┌──

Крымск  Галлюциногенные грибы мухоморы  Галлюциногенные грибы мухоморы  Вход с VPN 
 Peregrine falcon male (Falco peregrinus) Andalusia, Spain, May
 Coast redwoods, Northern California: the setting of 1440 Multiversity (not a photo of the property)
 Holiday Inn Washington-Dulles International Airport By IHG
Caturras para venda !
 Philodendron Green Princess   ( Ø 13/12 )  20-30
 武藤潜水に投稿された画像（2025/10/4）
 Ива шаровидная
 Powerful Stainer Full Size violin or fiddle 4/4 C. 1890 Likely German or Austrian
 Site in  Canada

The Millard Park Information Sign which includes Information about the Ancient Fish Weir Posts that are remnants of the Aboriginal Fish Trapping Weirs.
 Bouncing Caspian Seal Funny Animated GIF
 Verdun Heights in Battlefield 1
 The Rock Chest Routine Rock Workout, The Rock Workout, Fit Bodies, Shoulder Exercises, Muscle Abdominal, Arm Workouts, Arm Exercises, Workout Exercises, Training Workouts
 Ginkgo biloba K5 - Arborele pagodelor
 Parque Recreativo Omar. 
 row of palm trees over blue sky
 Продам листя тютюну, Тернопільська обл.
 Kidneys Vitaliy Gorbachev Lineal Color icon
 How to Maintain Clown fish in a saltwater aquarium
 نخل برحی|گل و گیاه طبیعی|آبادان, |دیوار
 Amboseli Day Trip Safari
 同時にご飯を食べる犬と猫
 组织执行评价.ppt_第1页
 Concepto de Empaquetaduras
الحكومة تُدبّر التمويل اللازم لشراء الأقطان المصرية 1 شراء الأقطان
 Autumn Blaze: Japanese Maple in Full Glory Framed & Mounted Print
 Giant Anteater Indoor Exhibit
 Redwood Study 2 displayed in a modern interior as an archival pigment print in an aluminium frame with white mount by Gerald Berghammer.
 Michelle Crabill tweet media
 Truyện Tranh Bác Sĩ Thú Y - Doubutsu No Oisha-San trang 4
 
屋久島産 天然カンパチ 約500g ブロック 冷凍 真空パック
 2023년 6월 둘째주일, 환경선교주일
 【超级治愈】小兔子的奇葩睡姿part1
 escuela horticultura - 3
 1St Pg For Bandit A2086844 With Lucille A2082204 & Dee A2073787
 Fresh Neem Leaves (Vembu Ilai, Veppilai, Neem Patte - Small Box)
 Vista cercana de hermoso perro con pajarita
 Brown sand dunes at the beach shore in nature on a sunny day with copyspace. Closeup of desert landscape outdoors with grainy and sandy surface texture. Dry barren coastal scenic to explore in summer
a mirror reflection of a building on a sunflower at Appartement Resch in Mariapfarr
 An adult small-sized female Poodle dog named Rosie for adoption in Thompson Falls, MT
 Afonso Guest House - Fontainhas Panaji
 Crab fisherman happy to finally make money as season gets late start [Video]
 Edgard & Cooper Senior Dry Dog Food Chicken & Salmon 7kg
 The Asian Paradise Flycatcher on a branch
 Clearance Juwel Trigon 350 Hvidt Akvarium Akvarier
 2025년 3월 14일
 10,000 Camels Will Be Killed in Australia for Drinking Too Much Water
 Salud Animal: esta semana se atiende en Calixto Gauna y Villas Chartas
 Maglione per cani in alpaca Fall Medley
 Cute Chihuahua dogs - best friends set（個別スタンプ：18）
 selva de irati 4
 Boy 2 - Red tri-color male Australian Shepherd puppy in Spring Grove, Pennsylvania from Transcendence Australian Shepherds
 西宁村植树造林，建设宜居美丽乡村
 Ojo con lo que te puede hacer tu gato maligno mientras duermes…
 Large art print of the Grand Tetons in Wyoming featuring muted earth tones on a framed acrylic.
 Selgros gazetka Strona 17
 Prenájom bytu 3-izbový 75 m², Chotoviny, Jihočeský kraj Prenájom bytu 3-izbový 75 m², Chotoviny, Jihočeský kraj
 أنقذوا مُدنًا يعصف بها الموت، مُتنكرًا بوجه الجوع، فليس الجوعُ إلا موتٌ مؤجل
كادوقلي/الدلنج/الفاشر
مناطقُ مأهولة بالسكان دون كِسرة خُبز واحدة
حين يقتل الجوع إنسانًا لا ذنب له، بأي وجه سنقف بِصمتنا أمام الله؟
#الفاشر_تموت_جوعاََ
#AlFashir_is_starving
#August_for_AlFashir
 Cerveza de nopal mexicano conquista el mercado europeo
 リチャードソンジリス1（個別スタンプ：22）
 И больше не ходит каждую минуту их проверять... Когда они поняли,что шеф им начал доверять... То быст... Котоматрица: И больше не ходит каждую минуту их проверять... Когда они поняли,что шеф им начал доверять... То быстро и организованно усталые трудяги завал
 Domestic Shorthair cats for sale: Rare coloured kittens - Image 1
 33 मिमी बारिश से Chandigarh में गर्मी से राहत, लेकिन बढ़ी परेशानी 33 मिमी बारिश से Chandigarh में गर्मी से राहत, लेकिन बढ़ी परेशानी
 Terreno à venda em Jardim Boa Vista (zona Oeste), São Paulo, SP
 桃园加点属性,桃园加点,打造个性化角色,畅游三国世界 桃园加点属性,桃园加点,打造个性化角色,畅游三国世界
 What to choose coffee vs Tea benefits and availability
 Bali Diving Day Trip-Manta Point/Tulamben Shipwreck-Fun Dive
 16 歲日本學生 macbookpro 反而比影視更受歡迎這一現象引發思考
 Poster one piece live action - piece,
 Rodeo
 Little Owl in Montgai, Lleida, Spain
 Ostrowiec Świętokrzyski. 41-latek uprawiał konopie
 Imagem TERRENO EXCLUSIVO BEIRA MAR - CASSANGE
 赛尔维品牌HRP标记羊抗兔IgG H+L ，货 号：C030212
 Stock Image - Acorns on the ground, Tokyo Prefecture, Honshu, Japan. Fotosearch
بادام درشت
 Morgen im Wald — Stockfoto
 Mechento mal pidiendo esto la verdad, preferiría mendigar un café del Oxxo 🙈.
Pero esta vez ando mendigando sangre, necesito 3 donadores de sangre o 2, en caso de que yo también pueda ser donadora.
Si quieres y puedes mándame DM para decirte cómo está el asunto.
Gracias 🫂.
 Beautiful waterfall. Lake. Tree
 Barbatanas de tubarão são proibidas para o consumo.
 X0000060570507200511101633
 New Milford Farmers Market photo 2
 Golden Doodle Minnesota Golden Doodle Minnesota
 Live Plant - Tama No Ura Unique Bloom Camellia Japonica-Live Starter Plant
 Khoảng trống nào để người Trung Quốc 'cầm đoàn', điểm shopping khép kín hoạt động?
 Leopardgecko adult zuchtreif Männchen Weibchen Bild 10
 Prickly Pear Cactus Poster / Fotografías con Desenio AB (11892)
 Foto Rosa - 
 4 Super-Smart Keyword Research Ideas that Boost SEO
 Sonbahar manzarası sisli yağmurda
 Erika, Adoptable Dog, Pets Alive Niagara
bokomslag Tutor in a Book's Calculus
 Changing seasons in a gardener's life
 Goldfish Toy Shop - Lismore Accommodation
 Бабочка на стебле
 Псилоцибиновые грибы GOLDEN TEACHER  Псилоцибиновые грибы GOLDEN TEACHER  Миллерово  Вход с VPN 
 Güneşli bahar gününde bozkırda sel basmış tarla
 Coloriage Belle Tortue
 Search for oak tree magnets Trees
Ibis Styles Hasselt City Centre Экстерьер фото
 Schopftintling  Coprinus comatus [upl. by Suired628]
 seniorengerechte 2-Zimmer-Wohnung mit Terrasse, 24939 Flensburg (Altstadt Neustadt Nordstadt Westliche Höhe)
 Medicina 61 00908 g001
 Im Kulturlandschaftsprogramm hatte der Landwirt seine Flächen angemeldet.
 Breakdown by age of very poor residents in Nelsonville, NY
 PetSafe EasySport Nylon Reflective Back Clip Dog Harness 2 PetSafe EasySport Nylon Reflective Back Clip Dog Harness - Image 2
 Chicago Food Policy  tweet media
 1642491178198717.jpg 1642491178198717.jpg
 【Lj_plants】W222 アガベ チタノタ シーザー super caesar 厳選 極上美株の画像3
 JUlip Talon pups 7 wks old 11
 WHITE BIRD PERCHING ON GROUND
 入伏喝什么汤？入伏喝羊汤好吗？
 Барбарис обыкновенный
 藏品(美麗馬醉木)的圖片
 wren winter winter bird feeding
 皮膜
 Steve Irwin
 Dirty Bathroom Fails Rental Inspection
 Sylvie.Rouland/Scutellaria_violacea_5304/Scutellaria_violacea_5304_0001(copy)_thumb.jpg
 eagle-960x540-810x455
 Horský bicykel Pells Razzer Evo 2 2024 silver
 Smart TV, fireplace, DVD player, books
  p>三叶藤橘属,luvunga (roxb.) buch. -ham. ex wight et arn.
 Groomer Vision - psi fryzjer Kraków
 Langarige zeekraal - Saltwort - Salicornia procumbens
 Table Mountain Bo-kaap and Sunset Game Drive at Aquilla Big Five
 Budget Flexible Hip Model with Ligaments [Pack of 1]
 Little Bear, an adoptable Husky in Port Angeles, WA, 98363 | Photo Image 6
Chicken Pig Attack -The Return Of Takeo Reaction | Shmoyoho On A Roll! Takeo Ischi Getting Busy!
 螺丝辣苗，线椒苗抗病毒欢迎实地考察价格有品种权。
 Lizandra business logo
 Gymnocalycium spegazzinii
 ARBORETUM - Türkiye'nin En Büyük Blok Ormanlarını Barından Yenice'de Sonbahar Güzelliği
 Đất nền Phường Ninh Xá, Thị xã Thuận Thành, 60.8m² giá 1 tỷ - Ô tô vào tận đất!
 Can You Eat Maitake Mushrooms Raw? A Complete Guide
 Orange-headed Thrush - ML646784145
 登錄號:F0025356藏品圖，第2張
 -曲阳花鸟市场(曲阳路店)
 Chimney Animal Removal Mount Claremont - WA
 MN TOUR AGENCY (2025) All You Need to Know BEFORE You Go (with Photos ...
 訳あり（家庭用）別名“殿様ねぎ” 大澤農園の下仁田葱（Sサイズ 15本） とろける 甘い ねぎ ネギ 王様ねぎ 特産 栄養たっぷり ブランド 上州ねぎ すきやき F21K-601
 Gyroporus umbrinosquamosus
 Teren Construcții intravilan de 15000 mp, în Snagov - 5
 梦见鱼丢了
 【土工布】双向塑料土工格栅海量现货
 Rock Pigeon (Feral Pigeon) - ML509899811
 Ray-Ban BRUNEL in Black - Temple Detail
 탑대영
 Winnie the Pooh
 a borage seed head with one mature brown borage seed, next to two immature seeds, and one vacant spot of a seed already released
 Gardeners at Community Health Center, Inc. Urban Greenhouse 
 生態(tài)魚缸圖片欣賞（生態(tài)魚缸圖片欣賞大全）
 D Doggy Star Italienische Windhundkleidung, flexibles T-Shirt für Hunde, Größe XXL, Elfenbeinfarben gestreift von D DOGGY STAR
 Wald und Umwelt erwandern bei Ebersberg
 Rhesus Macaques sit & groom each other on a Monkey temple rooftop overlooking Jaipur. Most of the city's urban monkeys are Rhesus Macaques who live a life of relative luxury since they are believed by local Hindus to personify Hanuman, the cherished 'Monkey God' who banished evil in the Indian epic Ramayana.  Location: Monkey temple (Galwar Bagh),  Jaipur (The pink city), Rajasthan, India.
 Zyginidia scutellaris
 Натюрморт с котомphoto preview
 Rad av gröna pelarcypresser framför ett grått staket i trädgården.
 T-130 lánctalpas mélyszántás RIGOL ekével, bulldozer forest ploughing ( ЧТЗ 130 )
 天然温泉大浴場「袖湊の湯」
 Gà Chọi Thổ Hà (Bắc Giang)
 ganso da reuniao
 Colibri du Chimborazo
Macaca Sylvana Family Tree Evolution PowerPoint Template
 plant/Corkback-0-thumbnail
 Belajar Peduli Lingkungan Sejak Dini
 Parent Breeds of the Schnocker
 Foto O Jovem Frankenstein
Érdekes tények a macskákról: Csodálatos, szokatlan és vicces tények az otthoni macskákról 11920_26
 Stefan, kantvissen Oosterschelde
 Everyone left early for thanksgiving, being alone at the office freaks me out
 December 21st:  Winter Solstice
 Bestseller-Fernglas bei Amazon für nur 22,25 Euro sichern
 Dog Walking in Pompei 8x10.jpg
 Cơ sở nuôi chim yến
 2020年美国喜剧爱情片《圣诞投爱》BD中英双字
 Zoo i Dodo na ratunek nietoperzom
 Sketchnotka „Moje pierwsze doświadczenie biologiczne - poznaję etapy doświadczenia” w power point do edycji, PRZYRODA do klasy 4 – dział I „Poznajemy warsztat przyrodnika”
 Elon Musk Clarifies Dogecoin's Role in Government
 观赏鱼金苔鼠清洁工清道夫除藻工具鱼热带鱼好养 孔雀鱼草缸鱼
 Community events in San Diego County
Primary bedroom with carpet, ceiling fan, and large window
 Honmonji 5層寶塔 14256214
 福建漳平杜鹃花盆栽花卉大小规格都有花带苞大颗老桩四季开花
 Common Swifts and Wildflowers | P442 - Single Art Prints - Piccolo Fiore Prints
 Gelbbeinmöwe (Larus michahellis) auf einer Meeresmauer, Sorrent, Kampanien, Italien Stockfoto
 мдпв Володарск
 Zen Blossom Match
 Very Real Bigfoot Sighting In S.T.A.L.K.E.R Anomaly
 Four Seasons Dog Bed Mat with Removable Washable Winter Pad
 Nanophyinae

└──

- [WORK INSTRUCTION]
Within the listing above, extract exactly the lines from the line with "Ива шаровидная" to the line with "屋久島産 天然カンパチ 約500g ブロック 冷凍 真空パック", the two named lines included, and no others.

- [TASK RESULT]
 Ива шаровидная
 Powerful Stainer Full Size violin or fiddle 4/4 C. 1890 Likely German or Austrian
 Site in  Canada

The Millard Park Information Sign which includes Information about the Ancient Fish Weir Posts that are remnants of the Aboriginal Fish Trapping Weirs.
 Bouncing Caspian Seal Funny Animated GIF
 Verdun Heights in Battlefield 1
 The Rock Chest Routine Rock Workout, The Rock Workout, Fit Bodies, Shoulder Exercises, Muscle Abdominal, Arm Workouts, Arm Exercises, Workout Exercises, Training Workouts
 Ginkgo biloba K5 - Arborele pagodelor
 Parque Recreativo Omar. 
 row of palm trees over blue sky
 Продам листя тютюну, Тернопільська обл.
 Kidneys Vitaliy Gorbachev Lineal Color icon
 How to Maintain Clown fish in a saltwater aquarium
 نخل برحی|گل و گیاه طبیعی|آبادان, |دیوار
 Amboseli Day Trip Safari
 同時にご飯を食べる犬と猫
 组织执行评价.ppt_第1页
 Concepto de Empaquetaduras
الحكومة تُدبّر التمويل اللازم لشراء الأقطان المصرية 1 شراء الأقطان
 Autumn Blaze: Japanese Maple in Full Glory Framed & Mounted Print
 Giant Anteater Indoor Exhibit
 Redwood Study 2 displayed in a modern interior as an archival pigment print in an aluminium frame with white mount by Gerald Berghammer.
 Michelle Crabill tweet media
 Truyện Tranh Bác Sĩ Thú Y - Doubutsu No Oisha-San trang 4
 
屋久島産 天然カンパチ 約500g ブロック 冷凍 真空パック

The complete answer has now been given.